Load an image from the internet. The image has range of value [0,1].

In [2]:
def preprocess(f,n):
  n0 = np.min( f.size )
  f = f.crop((0, 0, n0, n0))
  f = f.resize((n, n))
  f = np.array(f)
  f = np.clip(f / np.max(f.flatten()), 0,1)
  return f
In [3]:
from urllib.request import urlopen
import io
n = 512 # target size
file_adress = 'https://upload.wikimedia.org/wikipedia/commons/thumb/c/c7/Tabby_cat_with_blue_eyes-3336579.jpg/639px-Tabby_cat_with_blue_eyes-3336579.jpg'
fd = urlopen(file_adress)
image_file = io.BytesIO(fd.read())
f = Image.open(image_file)
f = preprocess( f, n )
In [4]:
plt.rcParams['figure.figsize'] = [8, 5]
plt.imshow(f)
plt.axis('off');
In [6]:
def approx_pixels(f,r):
  p = int( n*np.sqrt(r) )
  f = Image.fromarray( np.uint8(f*255) )
  f = f.resize((p, p), Image.NEAREST )
  f = f.resize((n, n), Image.NEAREST )
  f = np.array(f)/255.0
  return np.clip(f,0,1)
In [7]:
def approx_fourier(f,r):
  m = int(r*n*n)
  # compute a 1D indexing from low to high frequencies
  x = np.concatenate( (np.arange(0,int(n/2)), np.arange(-int(n/2),0)) )

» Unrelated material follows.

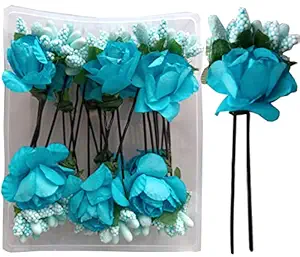 Peaches & Pink Juda Pins Sky Blue Flower Accessories for Hair- 12 Pieces (Available In 7 Colors)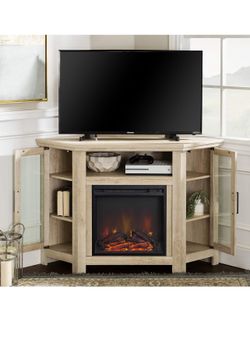 Walker Edison Alcott Classic Glass Door Fireplace Corner TV Stand for TVs up to 55 Inches, 48 Inch, White Oak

  D = x[:,None]**2 + x[None,:]**2
  mask = D<np.sort(D.flatten())[m]
  # inverse the masked FFT
  F = np.fft.fft2(f,axes=(0,1))
  F = F * mask[:,:,None]
  fM = np.real(np.fft.ifft2(F,axes=(0,1)))
  return np.clip(fM,0,1), np.fft.fftshift(mask)
In [8]:
def approx_wavelets(f,r):
  m = int(r*n*n)
  wavetype = 'bior3.5'
  nlvel = int( np.floor(np.log2(n))-3 )
  f1 = np.zeros( f.shape );
  for k in range(3):
    with warnings.catch_warnings():
      warnings.simplefilter("ignore") # pywlet issue a warning for too low level decomposition
      fW = pywt.wavedec2(f[:,:,k], wavetype, level=nlvel)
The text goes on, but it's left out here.